2 Writing Principles to Craft A Thrilling Story

Dive into the Novel Writing Series part 3 and learn the 3 things to do when prewriting your novel so you write your WIP successfully + freebie inside!
 

In writing, there are 2 questions that will help you craft a superb story: “What if?” and “What is expected?”

These 2 questions are there to help you extract nuggets from the story you would have never otherwise thought about. It can be fairly easy to find your perfect story idea. But turning the idea into a book is the great challenge you have to face head on to make it to the writing finish line.

Channeling the power of “what if?” and “what is expected?” will catapult you into the heart of your story. The questions will help you learn more about your characters, their personalities, motives, fears, and so on. The same goes for the world you’re building.

These 2 questions alone can help you cultivate a thriving land that lies at the heart of your story.

Let’s talk about “what if?” and “what is expected?” and how they will help you craft an unforgettable story.

1. What If

Most stories begin with a premise. The premise of a story is the heart of the story and what it will be based around.

Examples

The premise of The Hunger Games is survival of the games.

The premise of The Maze Runner is finding a way out of the maze.

The premise of Twilight is forbidden, love.

The premise of The Awakening is faith restored.

However, every premise begins with a what if question. “What if” questions unleash the creativity of the mind and help the writer dig deeper into the substance that can make up the story. Most stories end up being just the part of the iceberg that is above water which people can see. “What if” questions help create the part of the iceberg beneath the water that ends up being the foundation for the story.

The “what if” question helps form the premise to base the heart of your story on.

Examples

What if a boy was thrown into the maze and was the key to the others getting out? (The Maze Runner)

What if a vampire fell in love with a human and the love was reciprocal? (Twilight)

What if a girl single-handedly defied the government and started a rebellion against it by surviving? (The Hunger Games)

What if a girl lost her faith and had it restored by God himself? (The Awakening, my novel)

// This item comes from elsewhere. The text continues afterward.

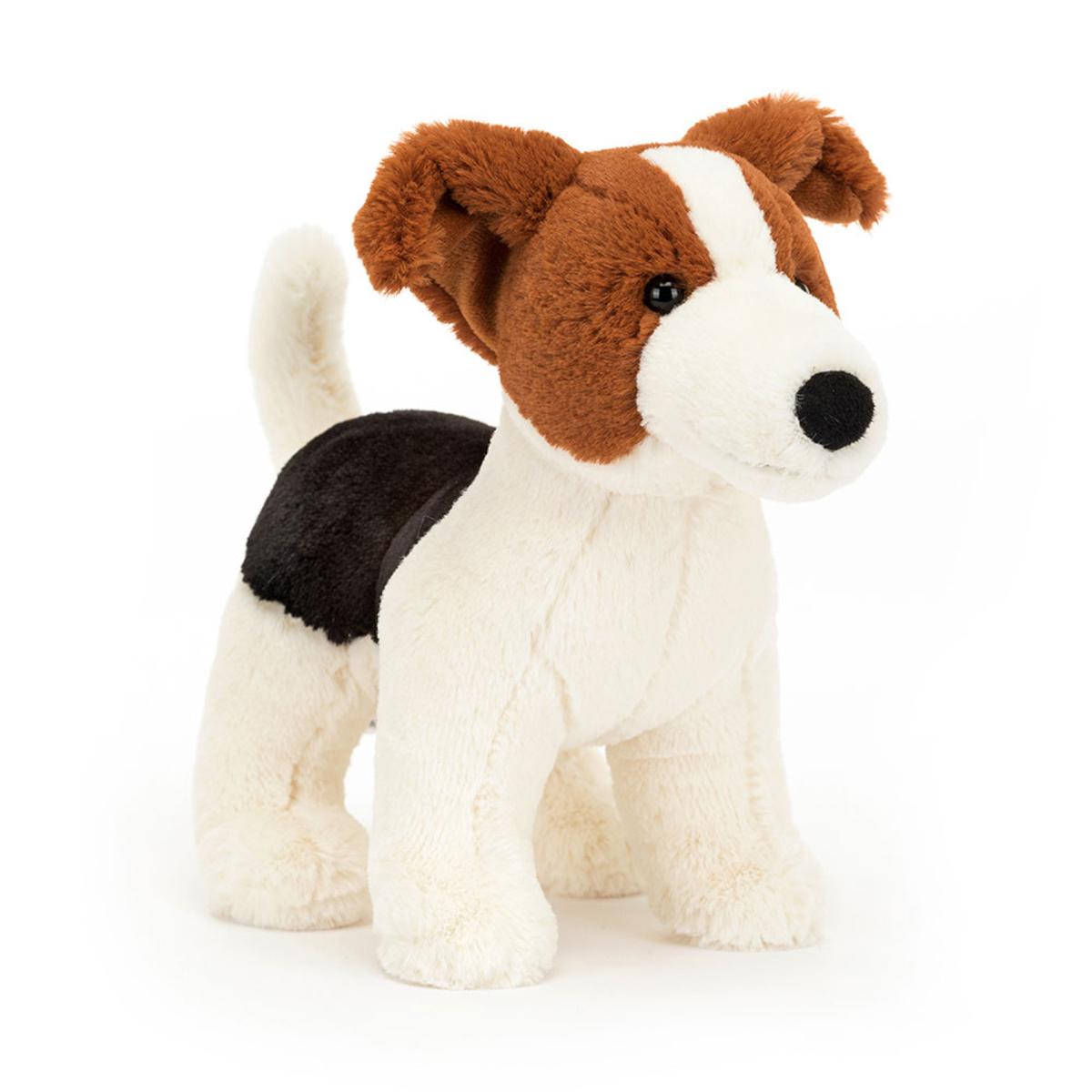 Pets | Albert Jack Russell Animals Dogs & Puppies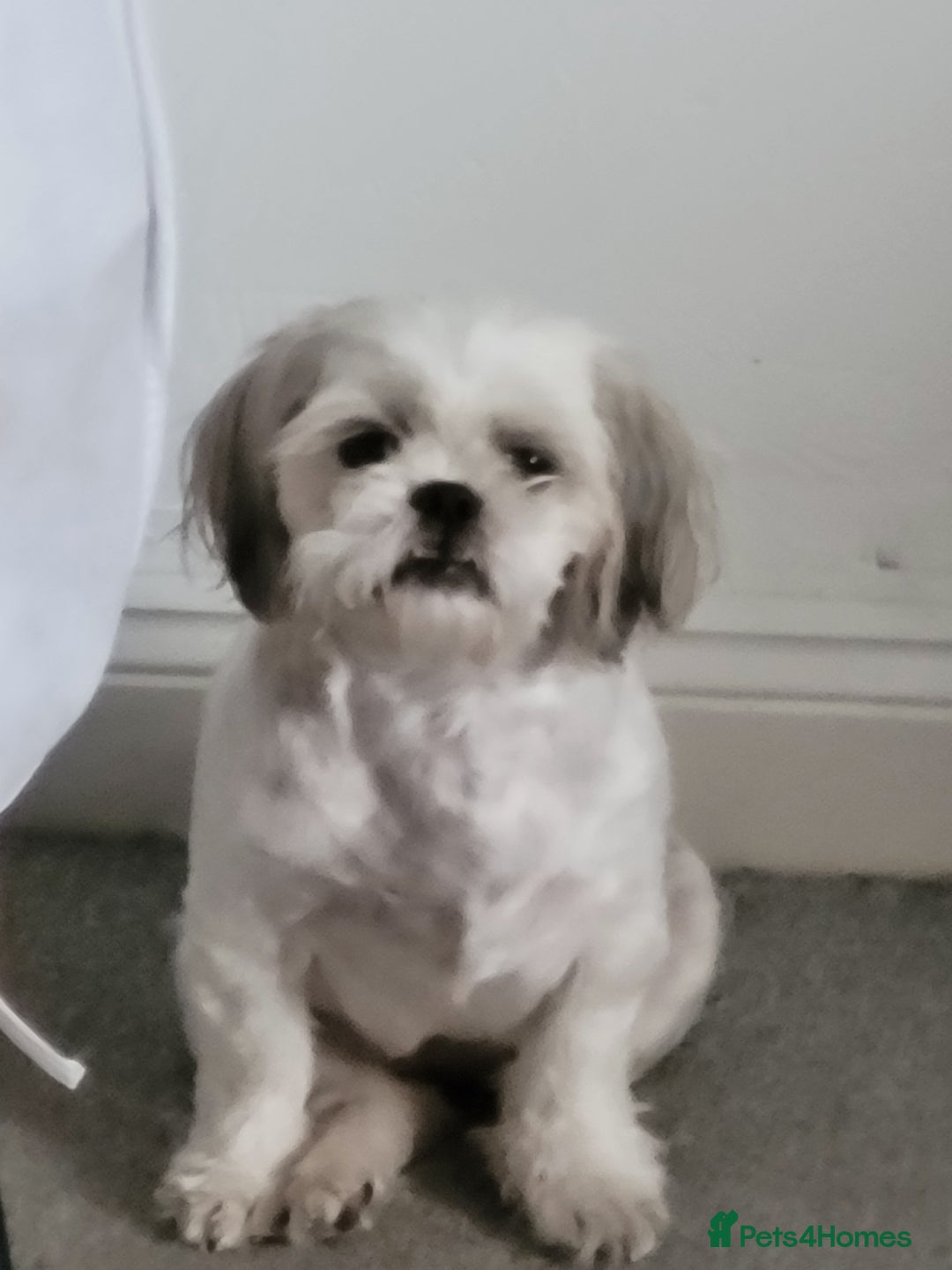 Shih Tzu dogs for sale: Shih tzu puppies - Image 3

“What if” questions set the stage for what will inevitably be the ultimate plot of the story. “What if” questions help you see the story in ways you wouldn’t have previously had you not dug into “what if” X, Y, and Z happened here instead. “What if” questions will trigger powerful gems for your story you wouldn’t have thought of before.

2. What Is Expected

The “What Is Expected?” question is simply a variation of the “What If?” question. “What Is Expected?” questions are meant to be used after taking time to write out a series of “What If?” questions. “What Is Expected?” questions are meant for you as the writer to think of what your readers would expect in your story and to throw them off.  You as the writer have a job to make sure your story is entertaining and captivating while speaking to deep, subtle truths.

“What Is Expected?” questions help place you in the shoes of your readers and make you think the way they do. Taking some time to write out a solid amount of “What Is Expected?” questions, will help you dig deeper into your story, and bring out plot twists and unexpected truth bombs your readers would not have been expecting.

Examples from The Awakening

What is expected?

It’s expected Sarabi will end up with Uriah. However, Rex shows up and begins to turn her heart from him.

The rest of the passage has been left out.